Secure Digital Semantic Communications: Fundamentals, Challenges, and Opportunities
Weixuan Chen, Qianqian Yang, Yuanyuan Jia, Junyu Pan, Shuo Shao, Jincheng Dai, Meixia Tao, Ping Zhang
TL;DR
This work surveys security and privacy in digital semantic communication (SemCom), distinguishing it from analog SemCom by its finite-alphabet, packet-based transmission and explicit modulation. It catalogs a threat landscape that includes semantic leakage, manipulation, and knowledge-base/model vulnerabilities, then details unique digital-specific attacks on probabilistic and deterministic modulation as well as packet-/protocol-level exploits. The paper reviews defense strategies across bit/symbol leakage, modulation-specific attacks, and protocol threats, and outlines open problems and research directions, such as security-centric evaluation metrics and cryptography-modulation co-design, to enable practical, secure deployment of digital SemCom.
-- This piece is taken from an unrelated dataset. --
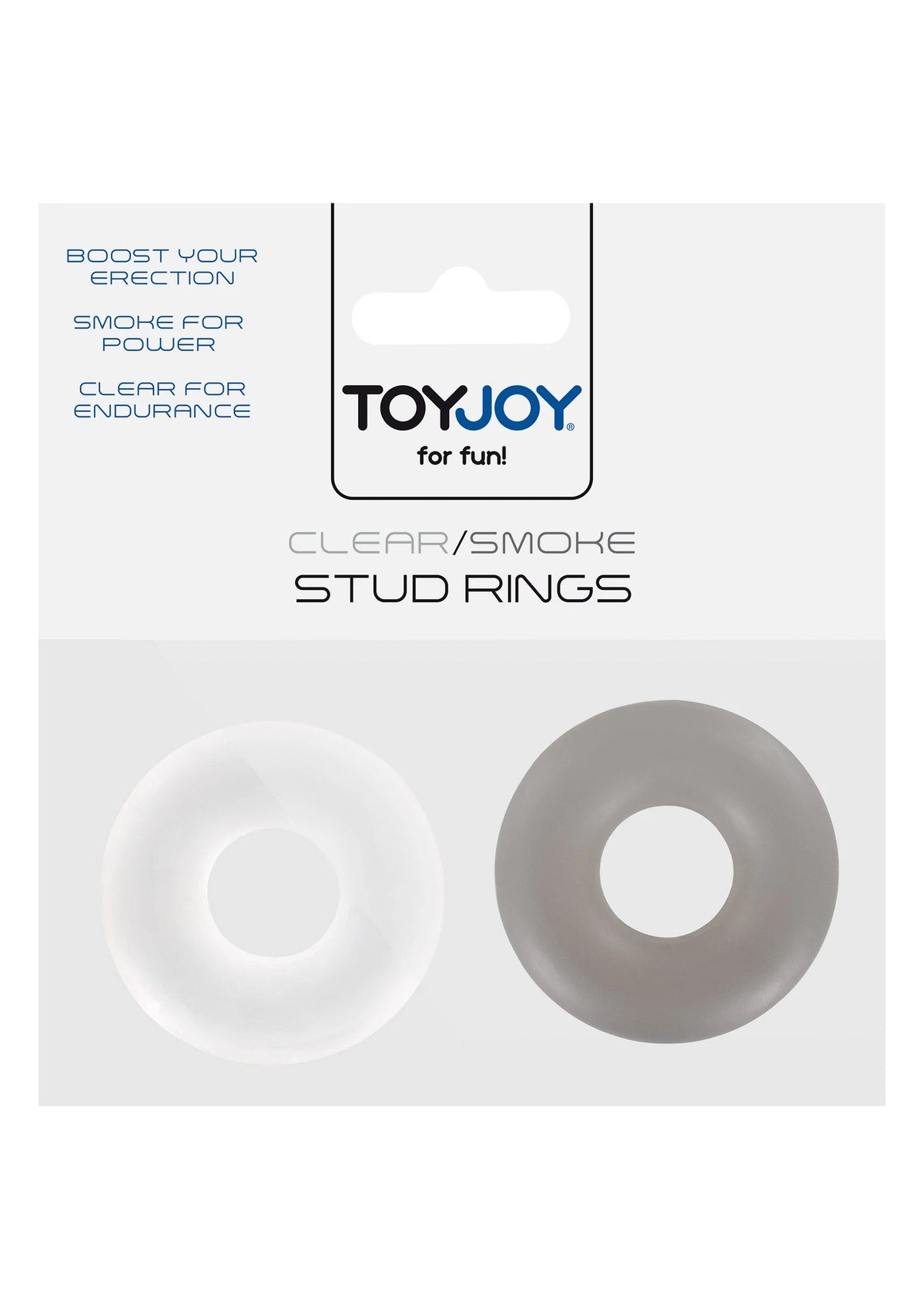Bestel: Manpower Stud Rings 2pcs by ToyJoy - bij Happytoys.nl, happytoys.be, Happytoys.ae: erotische sex webshop | liever Happy dan Easy ⭐⭐⭐⭐⭐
By integrating security considerations into the modulation and protocol layers, this work lays a foundation for trustworthy digital SemCom in future wireless networks with edge intelligence and immersive applications.
Abstract
Semantic communication (SemCom) has emerged as a promising paradigm for future wireless networks by prioritizing task-relevant meaning over raw data delivery, thereby reducing communication overhead and improving efficiency. However, shifting from bit-accurate transmission to task-oriented delivery introduces new security and privacy risks. These include semantic leakage, semantic manipulation, knowledge base vulnerabilities, model-related attacks, and threats to authenticity and availability. Most existing secure SemCom studies focus on analog SemCom, where semantic features are mapped to continuous channel inputs. In contrast, digital SemCom transmits semantic information through discrete bits or symbols within practical transceiver pipelines, offering stronger compatibility with realworld systems while exposing a distinct and underexplored attack surface. In particular, digital SemCom typically represents semantic information over a finite alphabet through explicit digital modulation, following two main routes: probabilistic modulation and deterministic modulation. These discrete mechanisms and practical transmission procedures introduce additional vulnerabilities affecting bit- or symbol-level semantic information, the modulation stage, and packet-based delivery and protocol operations. Motivated by these challenges and the lack of a systematic analysis of secure digital SemCom, this paper reviews SemCom fundamentals, clarifies the architectural differences between analog and digital SemCom and their security implications, organizes the threat landscape for digital SemCom, and discusses potential defenses. Finally, we outline open research directions toward secure and deployable digital SemCom systems.